En el nivel de los conceptos, Lauer reformula críticamente la concepción mariateguiana de la relación entre lo criollo y el indigenismo: «el resultado concreto [del indigenismo] no fue el retorno de lo autóctono sino la expansión del ámbito de lo criollo como lo dominante» [pp. 16-17]. Y añade un concepto nuevo, el de la «reversión», que está entre las propuestas más interesantes del libro. A diferencia de la resistencia («un concepto de historia de lo colonial») [p. 27], la reversión se define como el «intento [...] de un movimiento cultural de apartarse de manera total o parcial del avance de la modernidad internacional sobre un espacio social en un momento dado, y que incluso es un esfuerzo por darle un nuevo sesgo local a esa misma modernidad que llega.» [p. 26] Se trataría de una articulación de fuerzas en la que hay una mirada ambigua tanto hacia lo tradicional como hacia lo moderno: por eso, sugiere Lauer —en lo que constituiría una reformulación de los puntos de vista de Cornejo Polar— que hablar de «una disyunción [...] entre significante/significado, o espacio urbano/espacio rural» sólo puede hacerse «en el sentido de que se trata de una relación interna de ida y vuelta dentro de un mismo espacio cultural, como una estrategia cultural de clase dominante» [pp. 27-28].

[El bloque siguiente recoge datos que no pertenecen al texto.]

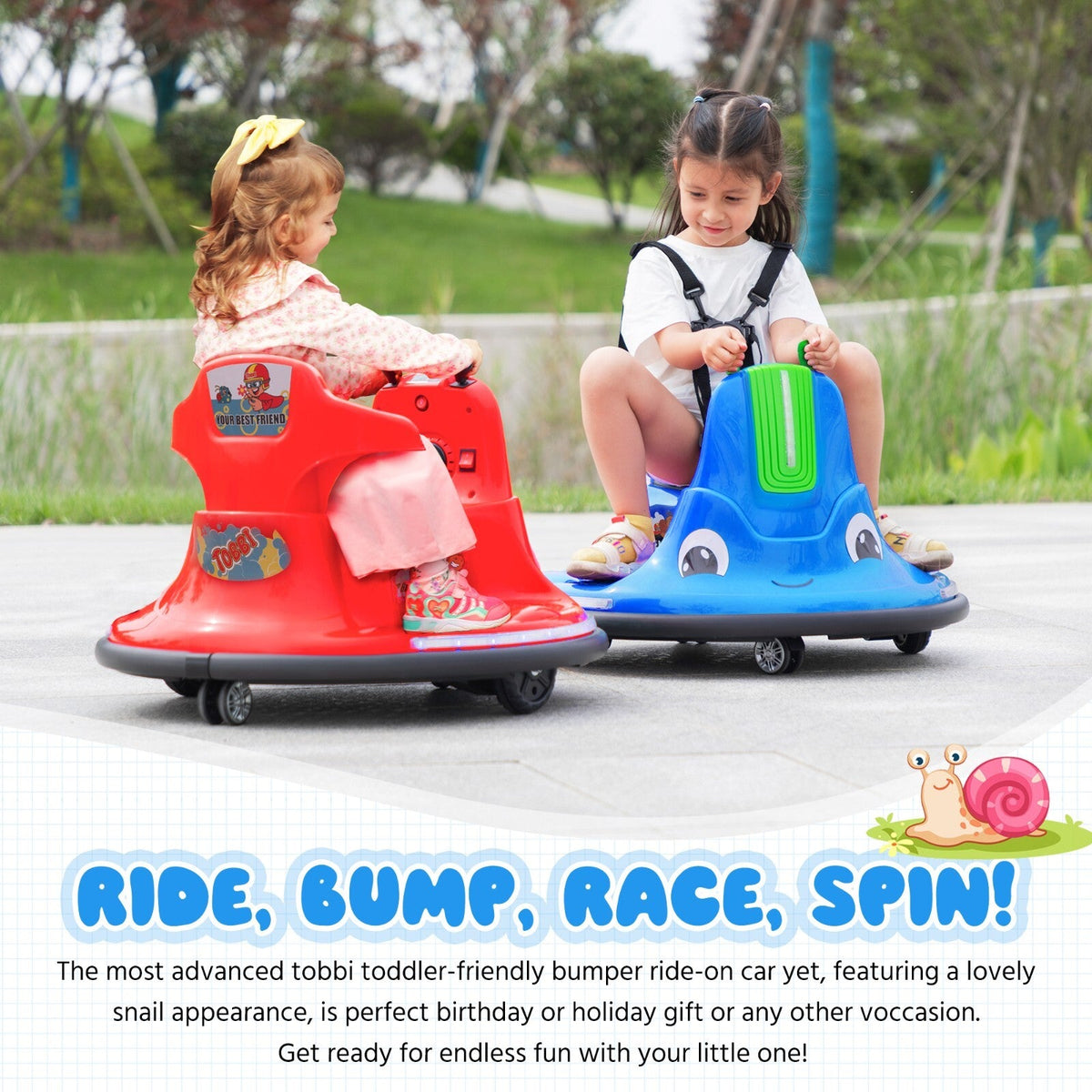 360° Spinning Electric Ride-On Bumper Car with Remote Control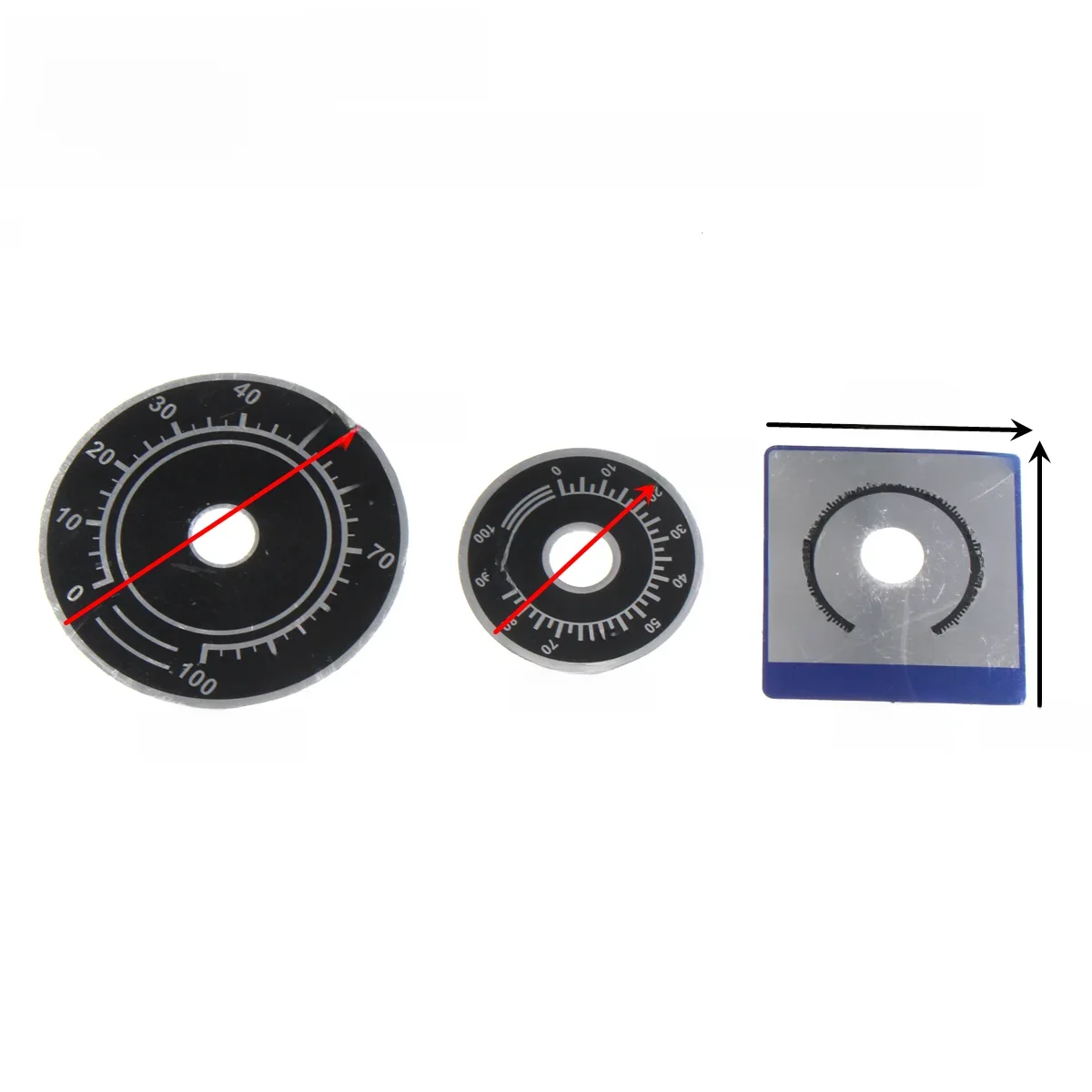 50/20 sztuk 0-100 cyfrowa tarcza wybierania etykieta aluminiowa A03 nakrętka WTH118 RV24 WX050 potencjometr — zdjęcie 2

La idea de la reversión se asemeja, en más de un aspecto, a la noción del capital cultural (desarrollada por Bourdieu). Por ejemplo, al comparar la reversión con el cargo cult (retorno de los ancestros con los dones del capitalismo industrial) [Lauer, p. 26], delinea ese espacio liminar entre la sociedad no capitalista y el mercado de bienes culturales (entre ellos el libro y el lienzo) que esquematiza el concepto de capital cultural. Uno de sus aspectos más interesantes sería la posibilidad de romper con el supuesto que la ideología y, lo que es su base, la representación son los elementos claves de la discusión, al sustituir el factor del control de lo simbólico. Dicho en otras palabras, suministraría una herramienta metodológica capaz de analizar el paso desde una sociedad no-moderna a una moderna sin que los métodos impliquen un afianzamiento acrítico de la segunda. Pero este tipo de concepto sería una herramienta de doble filo, porque al desestabilizar la relación entre la sociedad y las ideas, pondría en tela de juicio las del propio estudioso: permitiría leerlas también como cargo cult. Tal vez por eso la insistencia de Mario Vargas Llosa en preservar las líneas de la batalla indigenista: le permite invertirlas y ocupar, en el acto, el espacio anhelado. Retornaremos a la cuestión de cuál es ese espacio.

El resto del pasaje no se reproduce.